Careless, wrote teacher on Prince Charles maths notebookApril 25th, 2010 - 1:42 pm ICT by IANS
London, April 25 (IANS) Maths was not Prince Charles forte, shows a nearly 50-year-old exercise book on which an exasperated teacher has written “careless” and “you must be more careful when putting in decimal point”.
The mathematics book, used by Prince Charles in 1963 in his school Gordonstoun and which lay forgotten in the back of a drawer for nearly 50 years, is packed with algebra and trigonometry problems, Daily Mail reported.
A teacher had scrawled next to the sums in pencil and red ink words including “careless” and “You must be more careful when putting in decimal point”.
David Burghes, a professor at the Centre for Innovation in Mathematics Teaching at Plymouth University, was handed over the green-cover exercise book without being told about the then 14-year-old student.

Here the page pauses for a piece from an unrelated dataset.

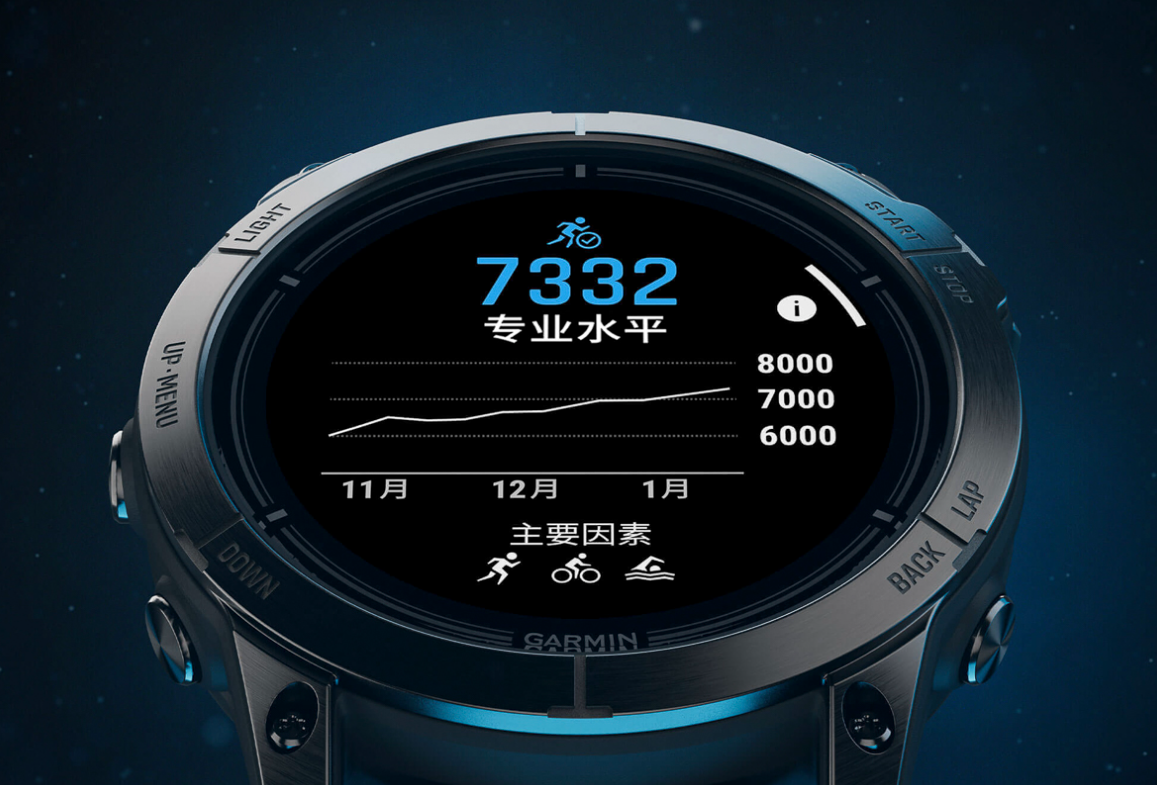 气场拉满   Garmin推出全新EPIX Pro运动腕表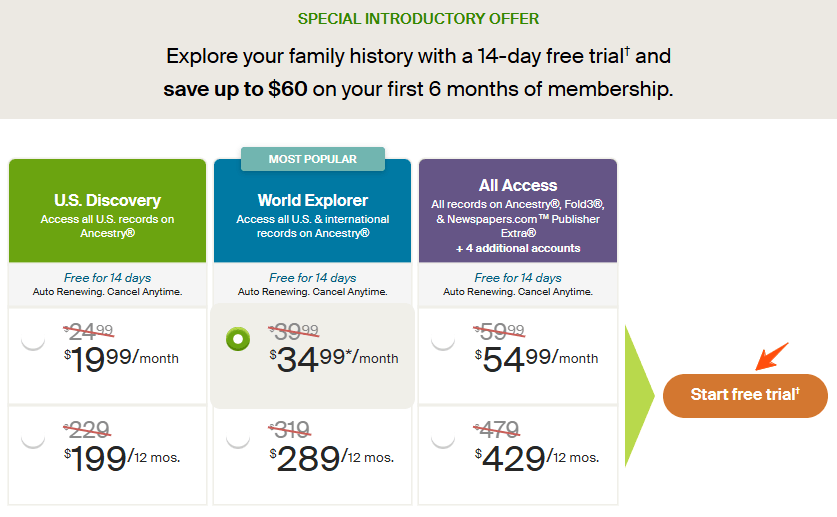 Ancestry-Pricing-Plans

“The student’s work in shape and space is not quite up to the same high standard, though I would be interested to know the methods employed by the teacher as I sense a degree of teaching/learning by rote methods rather than there being any genuine understanding of the concepts that underpin trigonometry.”
“With the exception of the algebraic long-division work, the work covered in these exercises is what is still expected in higher level GCSE maths today. If the student were to take GCSE maths today, he or she would be looking at an A grade.

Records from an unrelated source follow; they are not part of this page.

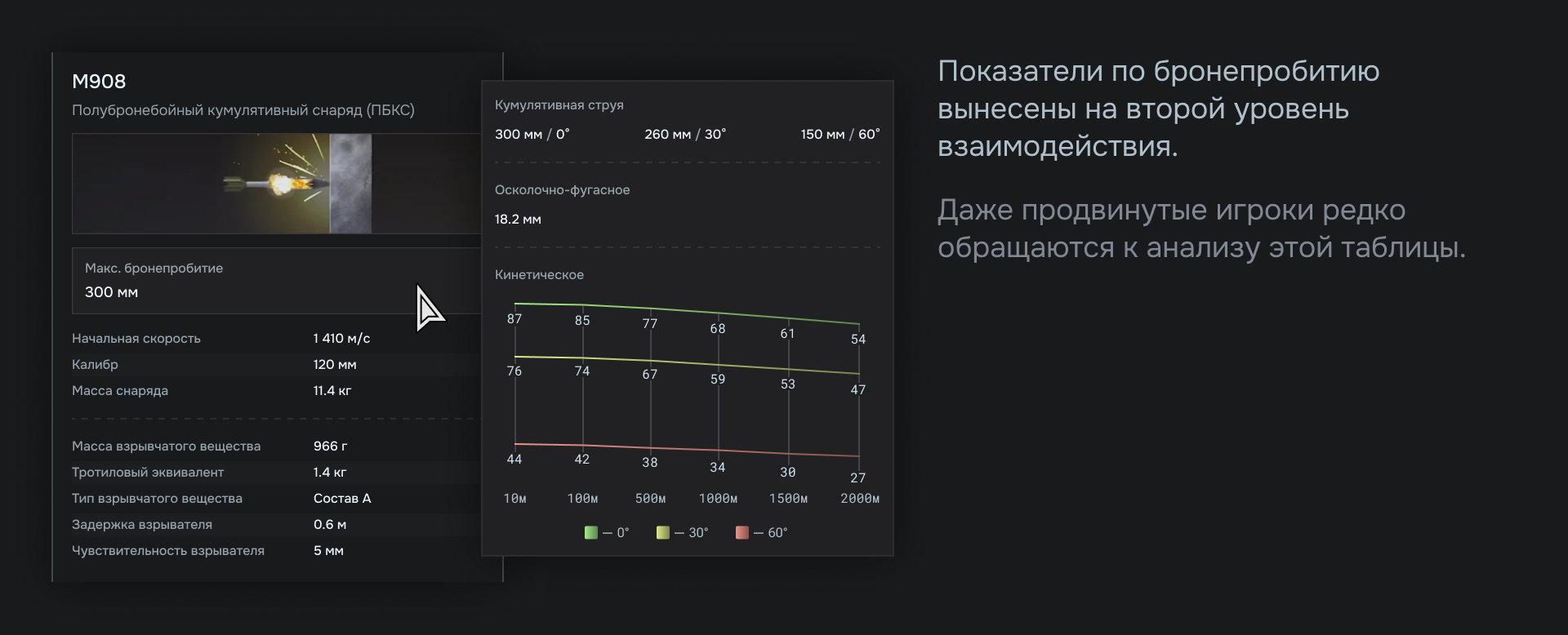 Редизайн War Thunder — Изображение №13 — Интерфейсы на Dprofile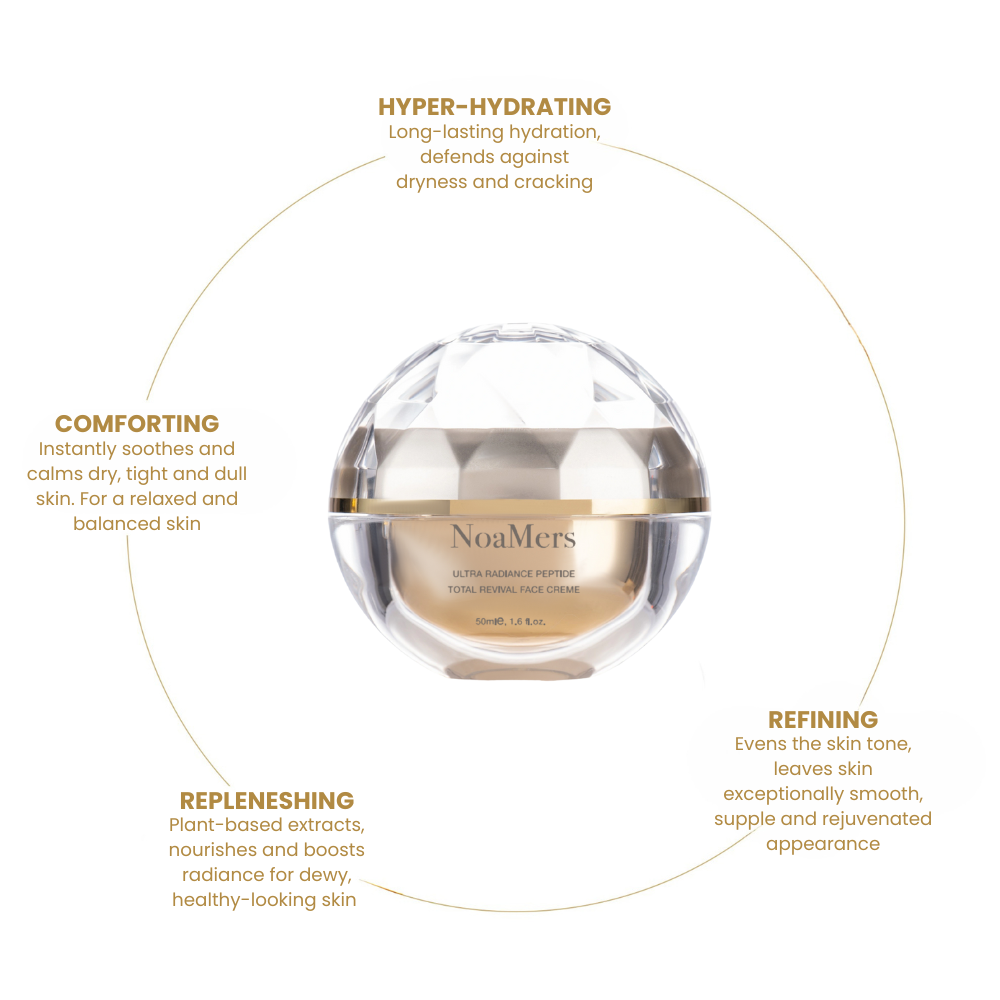 Total Revival Face Cream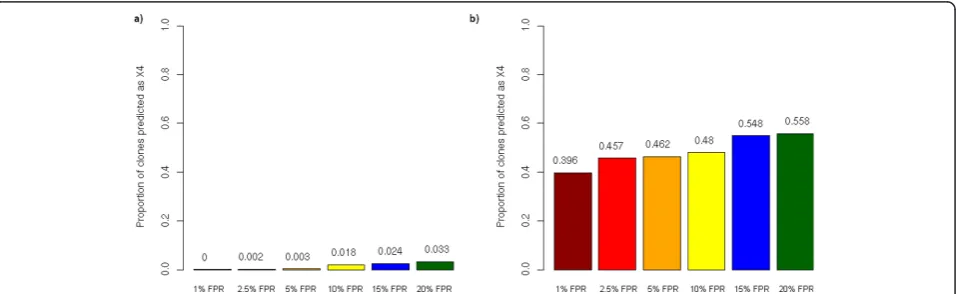 Figure 1 Overview of coreceptor usage predictions from one sample (a: isolate 13, Trofile R5; b: isolate 5, Trofile X4)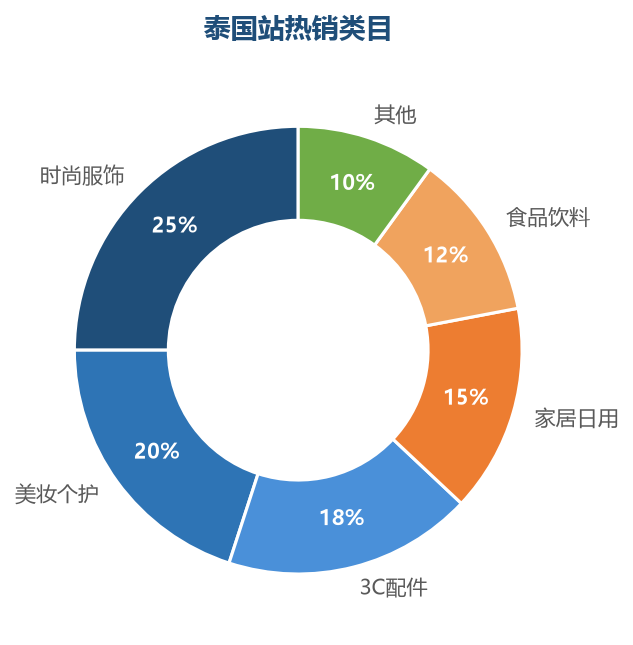 泰国热销类目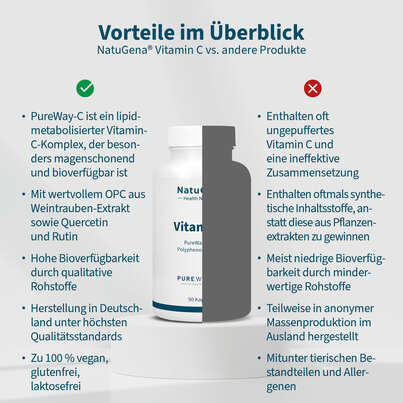 Sie sehen eine Packung NatuGena Vitamin C Kapseln, Produktbild: 04 NatuGena Vitamin C Kapseln, A-Nr.: 5404185 - 04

“However, when you take into consideration this student had no access to a calculator and had to use tables to find required values and also needed to calculate the decimal value of fractions with pen and paper, it adds an extra level of difficulty to the work,” Burghes is quoted as saying.
The professor said that Charles’s algebra, including his quadratic equations, were well set-out and solved correctly.

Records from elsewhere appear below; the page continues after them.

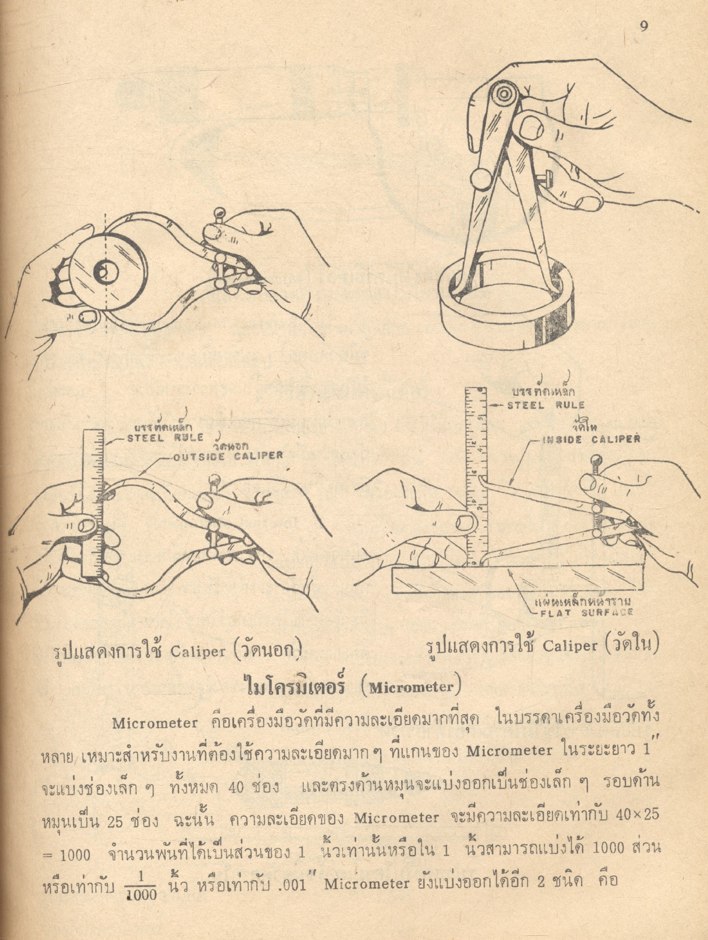 โลหะแผ่น SHEET METAL (ชวิน เป้าอารีย์ ปม.อ กศ.บ.)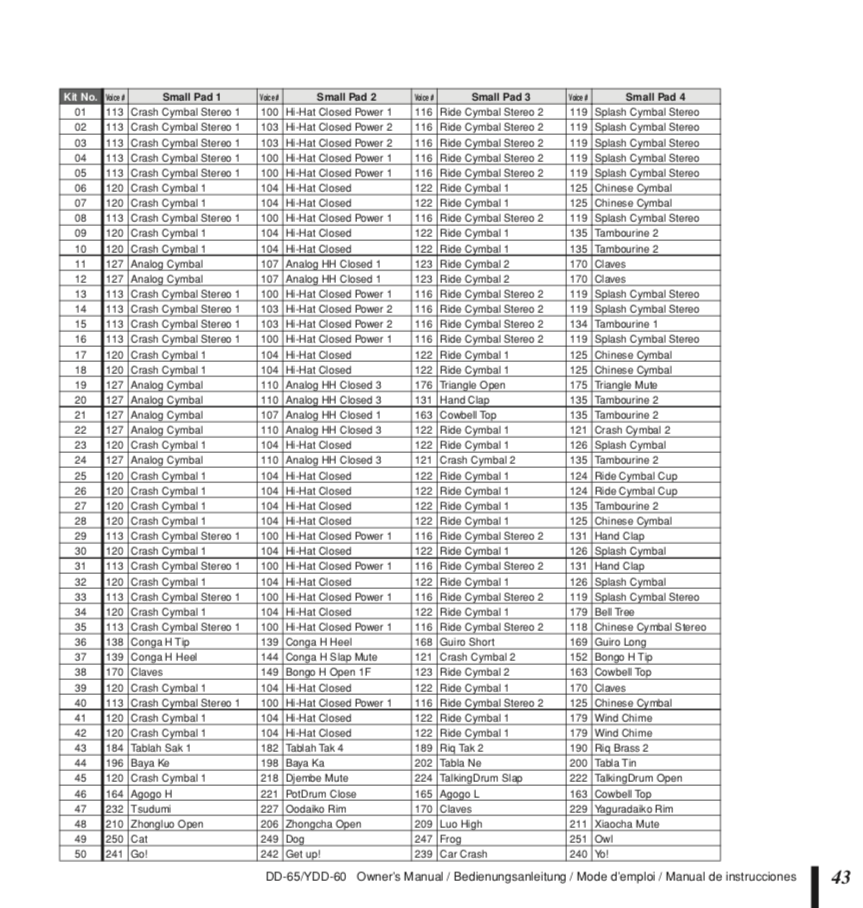 Batería electrónica YAMAHA DD-65 + baquetas + soporte + maleta transporte + PORTES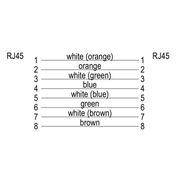 Cabo Ethernet Ie-C6Fp8Ld0025M40M40-D 1165940025 IEC6FP8LD0025M40M40D Weidmuller Conexel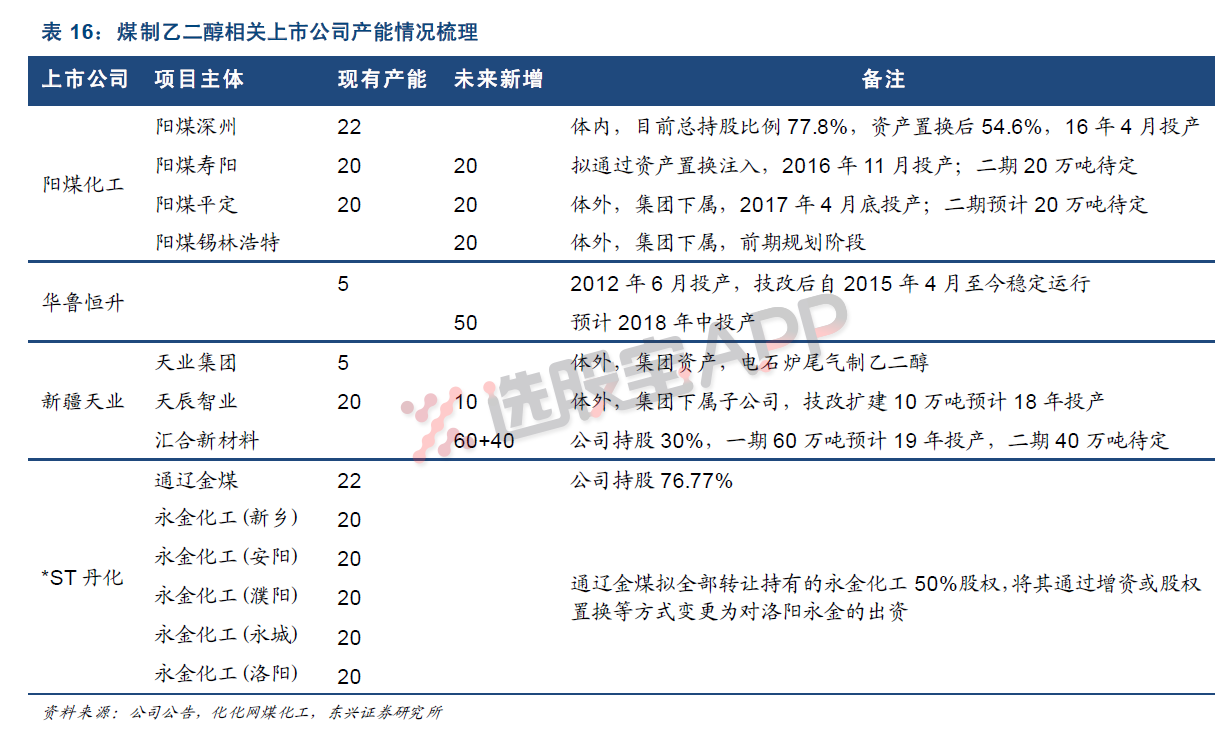 化工乙二醇：我国是全球最大的乙二醇消费国，但是国内供应严重不足，对外依赖度高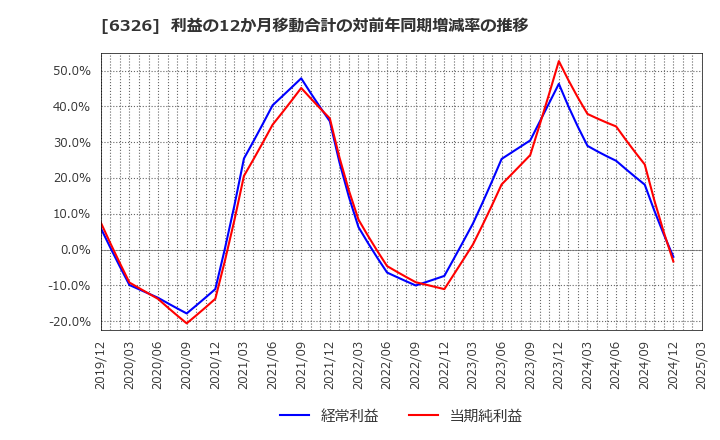 6326 (株)クボタ: 利益の12か月移動合計の対前年同期増減率の推移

He pointed out that while the teacher rebuked Prince Charles for several errors, some of the corrections were in fact themselves wrong.
The teacher had ticked off the Prince for failing to write his answer to four decimal places - only to then give the wrong angle as the ‘correct’ answer.
The media report said that Charles failed his maths O-level at his first attempt in 1965, but managed to get English language, English literature, Latin, French and History. He gained his maths after resitting it in the sixth form.